Both sides may understand that even after the deal is signed, new perils could arise. Leaks suggest any return to the deal will be done in monthly stages, with Washington removing sanctions as Iran rolls back nuclear production and capacity.

Ms Geranmayeh cautions that each step of the way could be fraught. Congress could raise a stink in Washington. Iran could fail to resolve questions about its past nuclear programme, a sticking point in negotiations.

Israel vehemently opposes a return to the deal and is pressuring Washington and other Western leaders against a return. Israel has warned that it is not bound by any agreement signed by the West, and it has allegedly been behind a campaign of sabotage and assassinations inside Iran that have at times roiled diplomatic endeavours.

“We have this very tricky two-or-three-month period that is going to be almost more delicate than before,” said Ms Geranmayeh. “We know it’s going to be an uphill struggle to get trade with Iran started, and that’s going to require a lot of technical work at a time when everyone is exhausted after 18 months of negotiations. There’s a bandwidth issue.”

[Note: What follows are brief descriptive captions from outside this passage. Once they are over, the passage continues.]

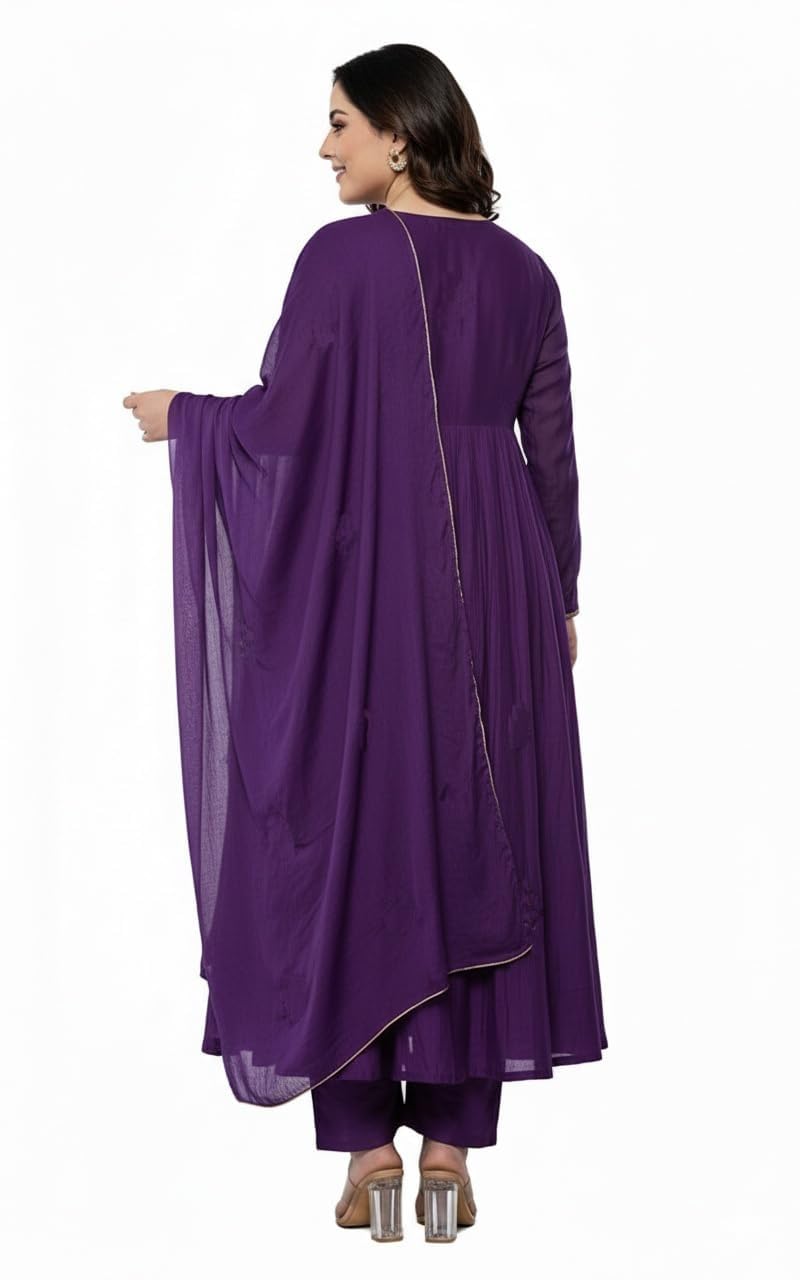 Anarkali Kurta-Set für Damen mit Dupatta-Stickerei, lang, ausgestelltes Salwar-Anzugkleid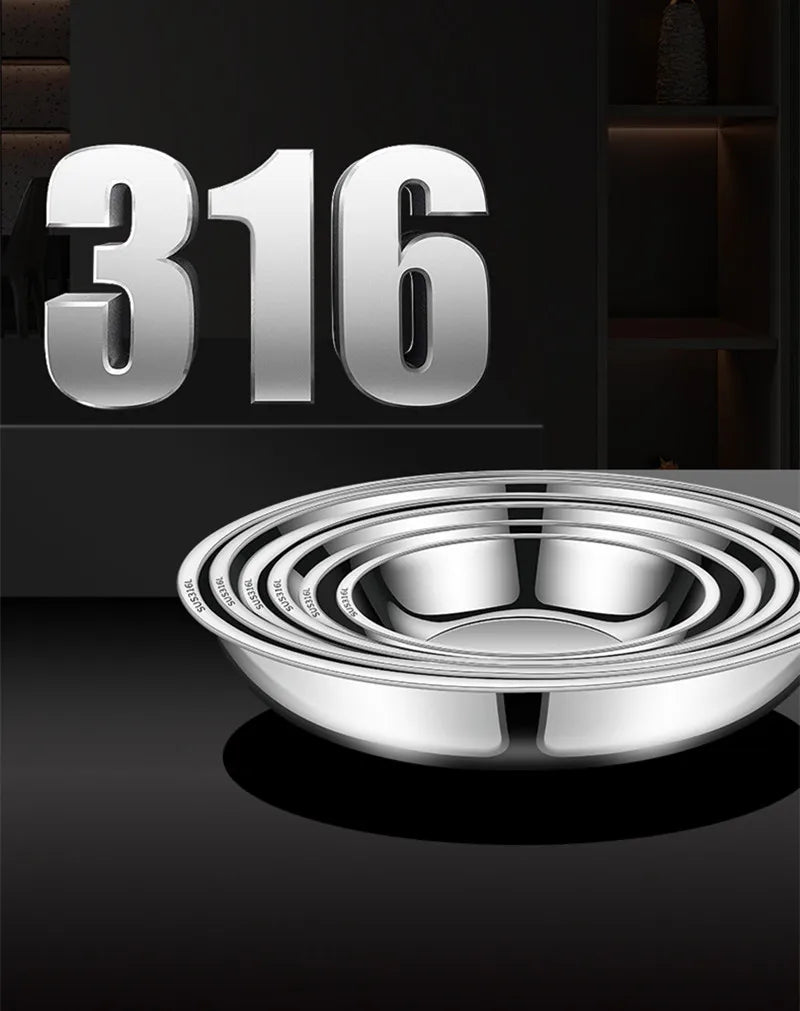Thick Round 316 Stainless Steel Dinner Plate Food Grade Trays Salad Fruit Meal Pan Kitchen Steak Seafood Flat Cooking Bowls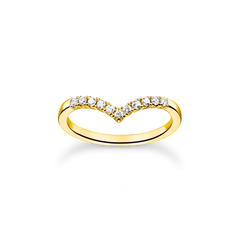 Bague forme en V avec pierres blanches or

After the 2015 deal, US secretary of state John Kerry toured the world in an attempt to drum up diplomatic support and economic buy-in for the JCPOA, which he saw as his administration’s crowning diplomatic achievement. Experts doubt Antony Blinken could play such a role, but Europe could play a similar role this time, as suggested by EU chief Borrel’s role in the latest diplomacy.

“What has actually caused this new wave of optimism has been the changing role of the European Union,” said Mr Azizi. “We have Iran and the US on both extremes and we have the EU in the middle trying to mediate between them.”